This section reviews the landscape of image-based virtual try-on methods, highlighting key advancements and challenges. Traditional methods typically involve two stages: warping and blending. While techniques like VITON and TryOnGAN have made significant strides, they often struggle with garment detail preservation and alignment. The proposed Parallel-UNet architecture in TryOnDiffusion addresses these issues by enabling implicit warping and blending in a single network pass, enhancing the overall garment visualization experience.
Authors:
(1) Luyang Zhu, University of Washington and Google Research, and work done while the author was an intern at Google;
(2) Dawei Yang, Google Research;
(3) Tyler Zhu, Google Research;
(4) Fitsum Reda, Google Research;
(5) William Chan, Google Research;
(6) Chitwan Saharia, Google Research;
(7) Mohammad Norouzi, Google Research;
(8) Ira Kemelmacher-Shlizerman, University of Washington and Google Research.
Image-Based Virtual Try-On.

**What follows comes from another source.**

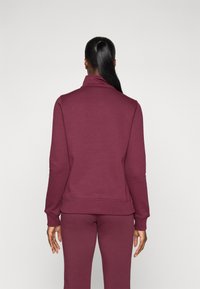 Burgunderfarbener Pullover mit hohem Kragen, gerippten Bündchen und Saum, kombiniert mit passenden Hosen. Glatte Textur, taillierter Schnitt.
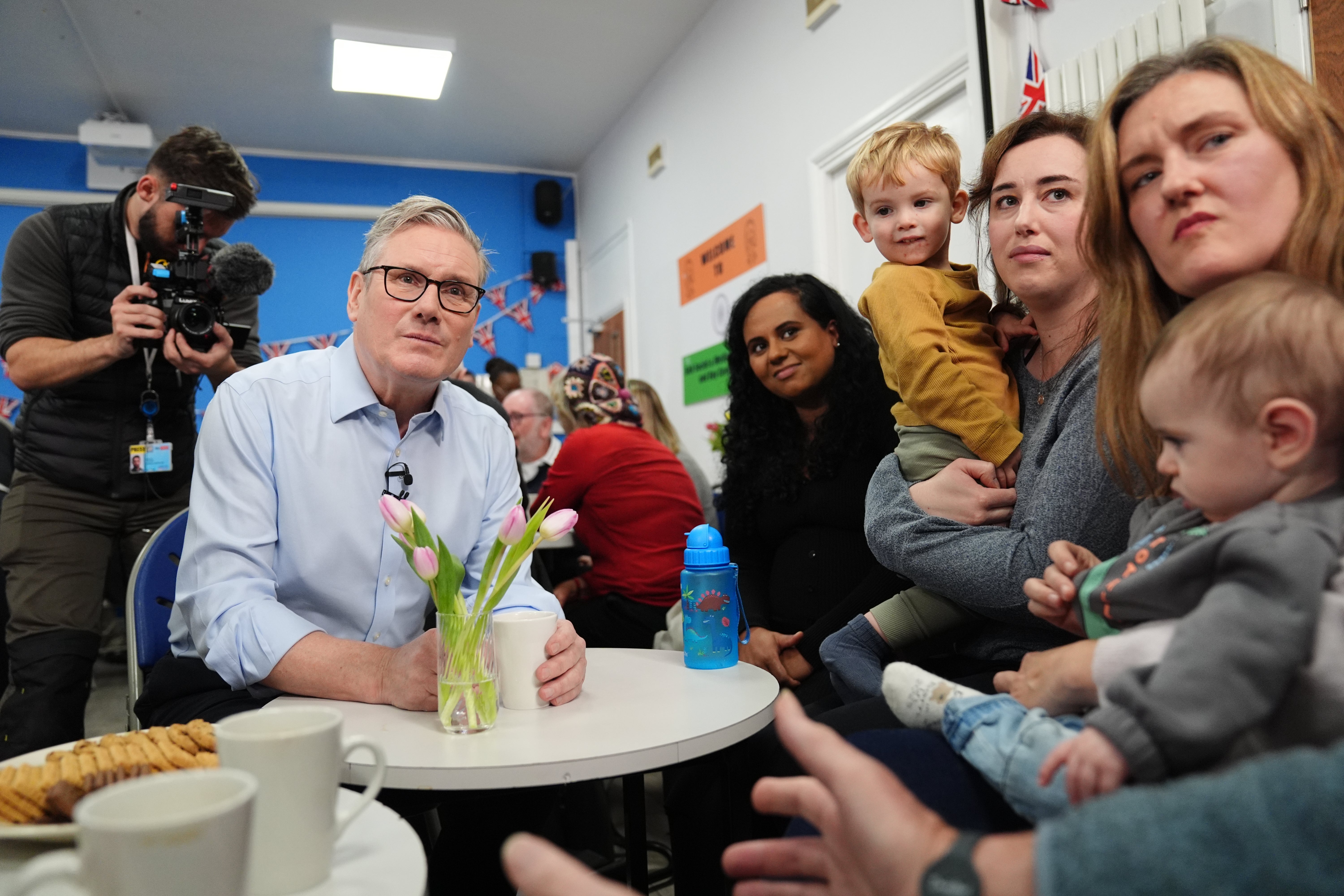 <p>Prime Minister Sir Keir Starmer speaks with guests during a visit to the Benn Partnership Centre, a community centre in Rugby, Warwickshire </p>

Given a pair of images (target person, source garment), image-based virtual try-on methods generate the look of the target person wearing the source garment. Most of these methods [2, 6, 7, 10, 14, 15, 20,25,27,32,43,46–49] decompose the try-on task into two stages: a warping model and a blending model. The seminal work VITON [14] proposes a coarse-to-fine pipeline guided by the thin-plate-spline (TPS) warping of source garments. ClothFlow [13] directly estimates flow fields with a neural network instead of TPS for better garment warping. VITON-HD [6] introduces alignment-aware generator to increase the try-on resolution from 256×192 to 1024×768. HR-VITON [25] further improves VITON-HD by predicting segmentation and flow simultaneously. SDAFN [2] predicts multiple flow fields for both the garment and the person, and combines warped features through deformable attention [50] to improve quality.
Despite great progress, these methods still suffer from misalignment brought by explicit flow estimation and warping. TryOnGAN [26] tackles this issue by training a poseconditioned StyleGAN2 [23] on unpaired fashion images and running optimization in the latent space to achieve tryon. By optimizing the latent space, however, it loses garment details that are less represented by the latent space. This becomes evident when garments have a pattern or details like pockets, or special sleeves.

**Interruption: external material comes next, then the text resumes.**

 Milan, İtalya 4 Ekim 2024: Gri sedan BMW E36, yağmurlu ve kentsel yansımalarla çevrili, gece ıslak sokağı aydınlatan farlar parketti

We propose a novel architecture which performs implicit warping (without computing flow) and blending in a single network pass. Experiments show that our method can preserve details of the garment even under heavy occlusions and various body poses and shapes.

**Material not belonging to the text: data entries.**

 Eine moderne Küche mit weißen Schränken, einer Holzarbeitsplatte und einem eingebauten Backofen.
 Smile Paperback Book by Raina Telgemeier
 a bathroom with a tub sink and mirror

Diffusion Models. Diffusion models [17, 39, 41] have recently emerged as the most powerful family of generative models. Unlike GANs [5, 12], diffusion models have better training stability and mode coverage. They have achieved state-of-the-art results on various image generation tasks, such as super-resolution [38], colorization [36], novel-view synthesis [44] and text-to-image generation [30, 33, 35, 37]. Although being successful, state-of-the-art diffusion models utilize a traditional UNet architecture [17, 34] with channel-wise concatenation [36,38] for image conditioning. The channel-wise concatenation works well for image-toimage translation problems where input and output pixels are perfectly aligned (e.g., super-resolution, inpainting and colorization). However, it is not directly applicable to our task as try-on involves highly non-linear transformations like garment warping. To solve this challenge, we propose Parallel-UNet architecture tailored to try-on, where the garment is warped implicitly via cross attentions.